Segment Open

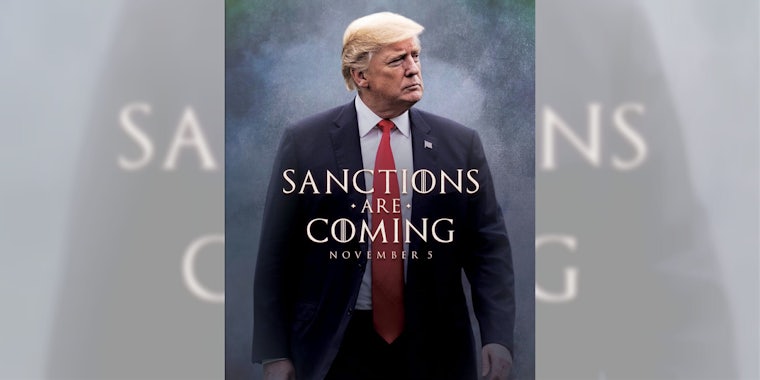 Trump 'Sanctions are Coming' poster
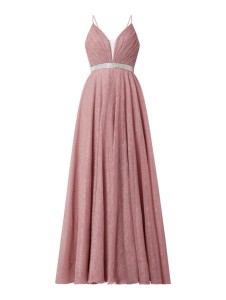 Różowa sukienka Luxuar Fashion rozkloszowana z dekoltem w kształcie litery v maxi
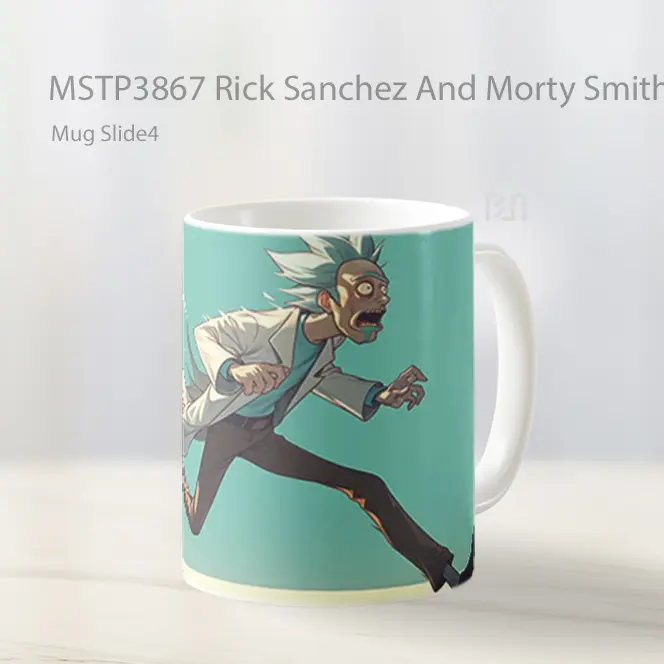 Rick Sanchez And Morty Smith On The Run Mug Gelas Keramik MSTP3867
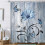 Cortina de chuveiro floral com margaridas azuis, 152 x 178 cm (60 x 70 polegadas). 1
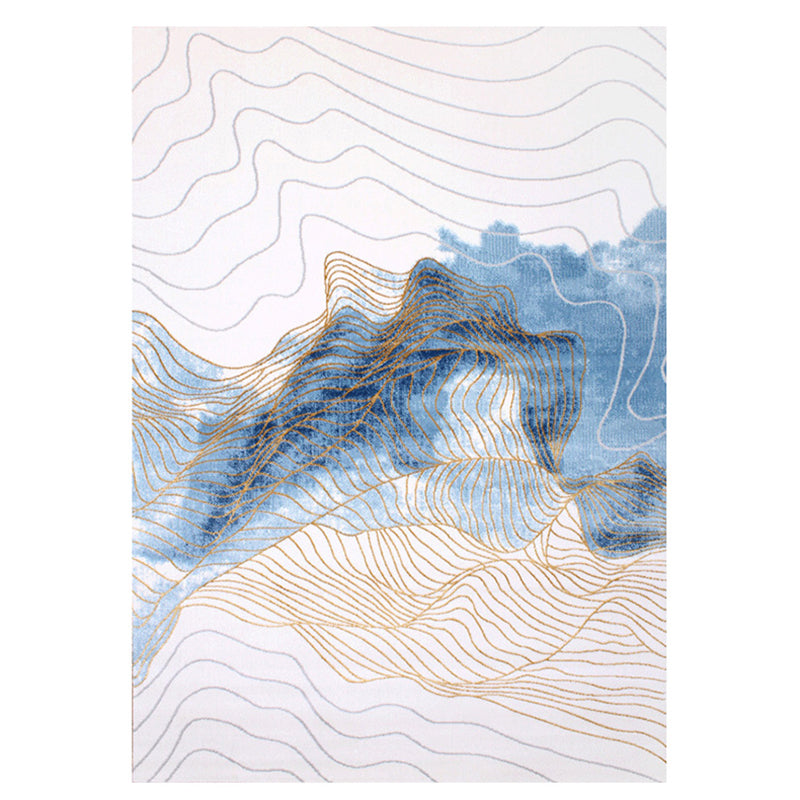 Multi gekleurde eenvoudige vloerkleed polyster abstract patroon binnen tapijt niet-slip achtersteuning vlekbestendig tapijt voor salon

Segment Closed
Segment Open

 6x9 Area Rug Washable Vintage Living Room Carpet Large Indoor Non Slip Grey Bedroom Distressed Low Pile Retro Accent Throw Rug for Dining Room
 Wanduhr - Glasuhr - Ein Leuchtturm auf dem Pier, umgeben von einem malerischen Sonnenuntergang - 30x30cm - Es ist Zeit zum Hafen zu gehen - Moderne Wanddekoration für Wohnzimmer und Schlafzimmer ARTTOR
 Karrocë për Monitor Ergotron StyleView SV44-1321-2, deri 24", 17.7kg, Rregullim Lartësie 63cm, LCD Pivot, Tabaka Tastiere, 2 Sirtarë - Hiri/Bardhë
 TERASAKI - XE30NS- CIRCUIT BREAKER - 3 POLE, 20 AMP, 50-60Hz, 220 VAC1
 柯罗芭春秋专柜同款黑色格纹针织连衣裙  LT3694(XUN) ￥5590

Segment Closed
Segment Open

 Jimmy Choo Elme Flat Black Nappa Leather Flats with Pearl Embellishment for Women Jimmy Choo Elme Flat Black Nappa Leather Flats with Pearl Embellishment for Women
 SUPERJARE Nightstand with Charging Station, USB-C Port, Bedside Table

Segment Closed

• [Exercise requirements] Give again the stretch of lines above from the one with "Trump 'Sanctions are Coming' poster" through the one with "Multi gekleurde eenvoudige", both ends kept, and copy no pictures.

• [Solved problem]
 Trump 'Sanctions are Coming' poster
 Różowa sukienka Luxuar Fashion rozkloszowana z dekoltem w kształcie litery v maxi
 Rick Sanchez And Morty Smith On The Run Mug Gelas Keramik MSTP3867
 Cortina de chuveiro floral com margaridas azuis, 152 x 178 cm (60 x 70 polegadas). 1
 Multi gekleurde eenvoudige vloerkleed polyster abstract patroon binnen tapijt niet-slip achtersteuning vlekbestendig tapijt voor salon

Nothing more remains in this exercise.